The graphs below show a comparison in the ELO ratings (otherwise known as the relative skill levels) of each of this new age of players against the average ELO ratings of the big three, before and up to when they won their first grand slam.
Generally, the data shows that the new age of players aren’t far off the skill level of their elder compatriots despite Thiem and Medvedev showing a slightly more staggered development in the graphs.
What separates the two groups of players is that by the time the big three had all reached 23-years-old, they had all won at least one major championship unlike this new generation of players.
Nadal had even grasped his first major when he was 19-years-old.
And we can’t argue that the big three didn’t have a tough time achieving this success, having to battle against greats like Andre Agassi, Lleyton Hewitt, and Andy Roddick in their rise to the top.
To win majors at such a young age, against such stiff competition, proves the difference in quality between the groups of players.
And despite their age, the big three have just not stopped winning.
After going 5-0 against their younger challengers at the major championships this year, they’ve proved that this almost everlasting hegemony will be a tough one to crack.Embed from Getty Images
What do they need to do to overcome the big three?
“I think it’s called maturity,” Boris Becker said to Eurosport, “I think that mentally they can’t cope with the pressure.”
“The young guns are missing a bit of guts. A bit of balls. A bit of ‘okay, I’m here and I want to win and I’m going to do whatever it takes.’”
Technically they have shown they can beat the best. But when it comes to a five-set major championship, mentally it seems the newer generation of players are all lacking.
“You want to see (Dominic) Thiem beat Nadal on clay, you want to see (Stefanos) Tsitsipas go and win a major, but right now he just looks totally overwhelmed mentally,” 7-time grand slam winner John Mcenroe concurred.
Perhaps it will take the new players more time to hone in on their ability to read the game, play intelligent tennis, and suss-out how to beat their opponents by capitalizing on their weaknesses.
After all, they are trying to overcome 3 of the greatest players to ever grace the sport, and fair enough, Nadal, Federer, and Djokovic had to overcome some great players to get to the top, but this may be a different challenge mentally, because of the continued dominance of the big three over the past 17 years.
For now it is the big three’s ability to out-strategize their opponents that sets them apart from the next generation of players and is why the new generation have struggled to accrue the same number of major titles as Federer, Nadal, and Djokovic did at their age.
2021 will be a huge year for tennis.
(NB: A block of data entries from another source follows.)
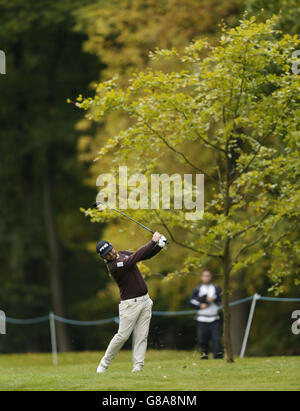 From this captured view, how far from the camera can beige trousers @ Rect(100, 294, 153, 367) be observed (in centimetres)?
1147

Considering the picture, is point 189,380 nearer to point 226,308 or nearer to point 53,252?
point 226,308

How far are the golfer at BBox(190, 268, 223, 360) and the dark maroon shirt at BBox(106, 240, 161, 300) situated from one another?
147 inches

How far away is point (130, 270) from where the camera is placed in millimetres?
11516

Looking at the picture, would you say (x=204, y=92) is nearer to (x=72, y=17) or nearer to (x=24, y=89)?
(x=72, y=17)

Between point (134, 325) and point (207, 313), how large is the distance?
3.85m

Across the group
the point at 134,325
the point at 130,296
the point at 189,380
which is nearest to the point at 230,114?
the point at 130,296

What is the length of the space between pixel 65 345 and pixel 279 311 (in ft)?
29.9

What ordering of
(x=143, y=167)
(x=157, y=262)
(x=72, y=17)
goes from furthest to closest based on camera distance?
(x=72, y=17) < (x=157, y=262) < (x=143, y=167)

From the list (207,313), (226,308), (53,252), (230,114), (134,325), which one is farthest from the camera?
(53,252)

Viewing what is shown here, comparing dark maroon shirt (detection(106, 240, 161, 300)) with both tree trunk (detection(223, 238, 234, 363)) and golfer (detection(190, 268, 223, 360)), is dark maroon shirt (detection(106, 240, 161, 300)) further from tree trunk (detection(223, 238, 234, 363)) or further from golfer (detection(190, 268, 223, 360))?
golfer (detection(190, 268, 223, 360))

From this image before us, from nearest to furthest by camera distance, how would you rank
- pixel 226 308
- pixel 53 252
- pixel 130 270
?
pixel 130 270, pixel 226 308, pixel 53 252

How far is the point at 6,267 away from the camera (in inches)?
1319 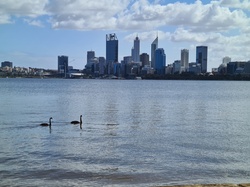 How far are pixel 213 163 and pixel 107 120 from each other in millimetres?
25945

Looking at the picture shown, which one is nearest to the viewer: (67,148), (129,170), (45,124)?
(129,170)

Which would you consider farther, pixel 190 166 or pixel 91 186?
pixel 190 166

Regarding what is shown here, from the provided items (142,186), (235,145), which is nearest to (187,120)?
(235,145)

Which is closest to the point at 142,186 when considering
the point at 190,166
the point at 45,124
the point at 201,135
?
the point at 190,166

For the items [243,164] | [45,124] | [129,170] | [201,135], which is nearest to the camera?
[129,170]

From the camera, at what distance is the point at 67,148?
31.5 metres

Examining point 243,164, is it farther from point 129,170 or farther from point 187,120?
point 187,120

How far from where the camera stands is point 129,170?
81.6ft

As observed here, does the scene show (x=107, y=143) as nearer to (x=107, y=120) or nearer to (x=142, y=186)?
(x=142, y=186)

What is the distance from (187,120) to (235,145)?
18.8m

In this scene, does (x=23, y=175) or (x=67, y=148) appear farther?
(x=67, y=148)

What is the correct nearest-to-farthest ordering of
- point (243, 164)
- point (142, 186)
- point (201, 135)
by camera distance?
point (142, 186) < point (243, 164) < point (201, 135)

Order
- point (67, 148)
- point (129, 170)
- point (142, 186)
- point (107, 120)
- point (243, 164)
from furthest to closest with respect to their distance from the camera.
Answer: point (107, 120)
point (67, 148)
point (243, 164)
point (129, 170)
point (142, 186)

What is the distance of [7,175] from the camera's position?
23.2 metres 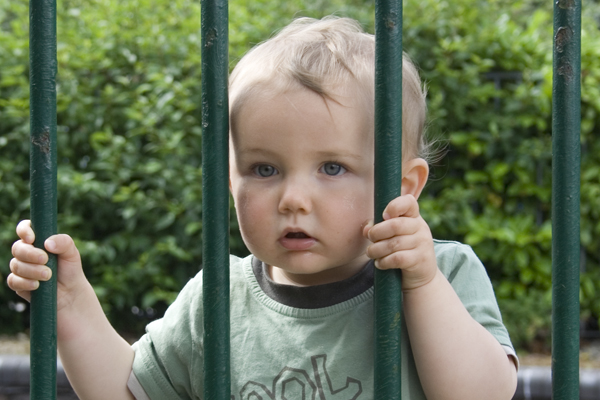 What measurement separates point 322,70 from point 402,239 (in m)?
0.41

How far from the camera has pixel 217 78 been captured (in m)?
0.99

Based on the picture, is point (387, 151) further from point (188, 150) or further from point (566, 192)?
point (188, 150)

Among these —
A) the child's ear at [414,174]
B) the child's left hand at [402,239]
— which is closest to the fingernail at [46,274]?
the child's left hand at [402,239]

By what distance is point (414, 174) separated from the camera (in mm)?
1388

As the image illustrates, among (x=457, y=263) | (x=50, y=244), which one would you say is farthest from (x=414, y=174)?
(x=50, y=244)

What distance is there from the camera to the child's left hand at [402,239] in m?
1.01

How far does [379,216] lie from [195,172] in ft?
9.69

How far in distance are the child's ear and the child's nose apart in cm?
25

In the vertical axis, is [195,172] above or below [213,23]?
below

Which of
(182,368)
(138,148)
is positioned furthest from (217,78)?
(138,148)

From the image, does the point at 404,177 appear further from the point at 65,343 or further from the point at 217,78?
the point at 65,343

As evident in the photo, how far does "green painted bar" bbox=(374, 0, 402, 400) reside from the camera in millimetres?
951

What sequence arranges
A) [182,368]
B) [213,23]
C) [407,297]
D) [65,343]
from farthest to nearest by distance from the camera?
[182,368], [65,343], [407,297], [213,23]

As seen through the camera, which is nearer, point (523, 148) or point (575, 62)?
point (575, 62) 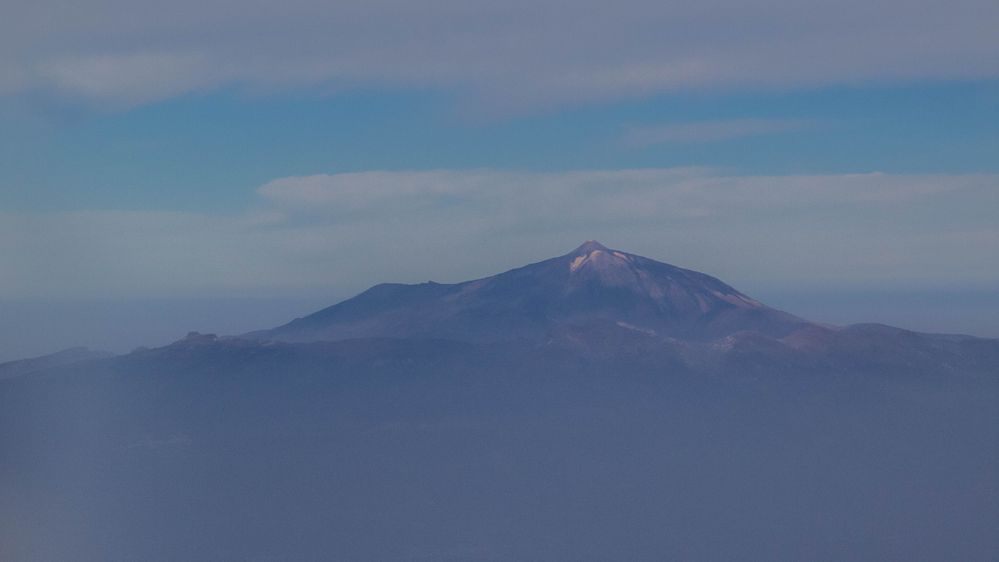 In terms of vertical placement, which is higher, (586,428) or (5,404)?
(5,404)

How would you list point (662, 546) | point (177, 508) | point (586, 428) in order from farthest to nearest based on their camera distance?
1. point (586, 428)
2. point (177, 508)
3. point (662, 546)

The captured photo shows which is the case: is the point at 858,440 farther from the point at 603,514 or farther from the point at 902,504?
the point at 603,514

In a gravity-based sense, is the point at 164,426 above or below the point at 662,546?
above

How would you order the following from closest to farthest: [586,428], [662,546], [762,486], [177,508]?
[662,546]
[177,508]
[762,486]
[586,428]

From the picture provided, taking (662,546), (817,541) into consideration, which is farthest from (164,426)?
(817,541)

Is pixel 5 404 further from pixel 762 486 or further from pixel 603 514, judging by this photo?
pixel 762 486

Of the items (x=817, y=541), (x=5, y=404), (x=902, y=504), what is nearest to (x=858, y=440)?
(x=902, y=504)

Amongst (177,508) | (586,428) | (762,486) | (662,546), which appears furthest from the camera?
(586,428)

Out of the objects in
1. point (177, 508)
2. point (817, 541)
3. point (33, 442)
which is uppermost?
point (33, 442)

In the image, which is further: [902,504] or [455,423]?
[455,423] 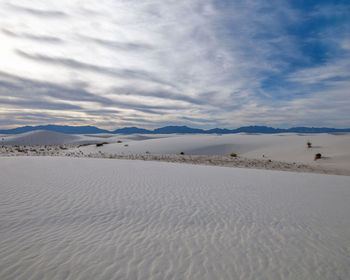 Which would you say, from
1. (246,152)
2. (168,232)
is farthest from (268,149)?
(168,232)

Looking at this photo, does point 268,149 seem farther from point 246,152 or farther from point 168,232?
point 168,232

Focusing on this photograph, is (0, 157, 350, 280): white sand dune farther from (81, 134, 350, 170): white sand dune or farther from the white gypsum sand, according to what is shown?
(81, 134, 350, 170): white sand dune

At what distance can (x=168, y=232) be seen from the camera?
184 inches

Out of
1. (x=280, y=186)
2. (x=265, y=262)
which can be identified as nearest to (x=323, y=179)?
(x=280, y=186)

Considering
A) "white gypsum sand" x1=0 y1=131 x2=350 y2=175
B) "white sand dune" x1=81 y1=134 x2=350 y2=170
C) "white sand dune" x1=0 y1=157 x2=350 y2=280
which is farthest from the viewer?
"white sand dune" x1=81 y1=134 x2=350 y2=170

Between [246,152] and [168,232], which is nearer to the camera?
[168,232]

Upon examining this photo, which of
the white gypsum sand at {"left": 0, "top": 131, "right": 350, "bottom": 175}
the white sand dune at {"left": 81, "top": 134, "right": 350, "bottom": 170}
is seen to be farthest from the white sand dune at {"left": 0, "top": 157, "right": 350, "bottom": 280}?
the white sand dune at {"left": 81, "top": 134, "right": 350, "bottom": 170}

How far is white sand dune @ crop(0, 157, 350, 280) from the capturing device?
3.41 metres

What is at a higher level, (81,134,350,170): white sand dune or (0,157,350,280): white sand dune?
(81,134,350,170): white sand dune

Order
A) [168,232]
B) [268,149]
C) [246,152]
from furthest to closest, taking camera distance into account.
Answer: [246,152], [268,149], [168,232]

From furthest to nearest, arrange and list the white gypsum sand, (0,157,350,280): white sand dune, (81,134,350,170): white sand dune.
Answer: (81,134,350,170): white sand dune
the white gypsum sand
(0,157,350,280): white sand dune

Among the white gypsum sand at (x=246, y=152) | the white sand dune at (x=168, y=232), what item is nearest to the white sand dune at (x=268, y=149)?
the white gypsum sand at (x=246, y=152)

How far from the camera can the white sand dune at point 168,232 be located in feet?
11.2

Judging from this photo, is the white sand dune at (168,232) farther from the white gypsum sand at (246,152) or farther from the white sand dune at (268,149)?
the white sand dune at (268,149)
Not just because we are likely to see the tennis circuit return to some normality following the coronavirus pandemic, but because of the sheer talent coming through across both the men’s and women’s game.
With a crop of young players, primed and loaded to assault the next grand slam in Australia, it will be interesting to see how the big three cope with the advances of this younger generation of players.
“We proved that we can play with the legends, that we can also beat them and can also win the biggest tournaments,” said Daniil Medvedev after his ATP Finals win.
It is now no longer a question of if, but rather when the next generation will take the baton from the big three, and after a breakout year in 2020, it’s likely we could even see them dominate next year.
The only question left unanswered is whether they will go on to achieve the same level of success that Federer, Nadal, and Djokovic have achieved?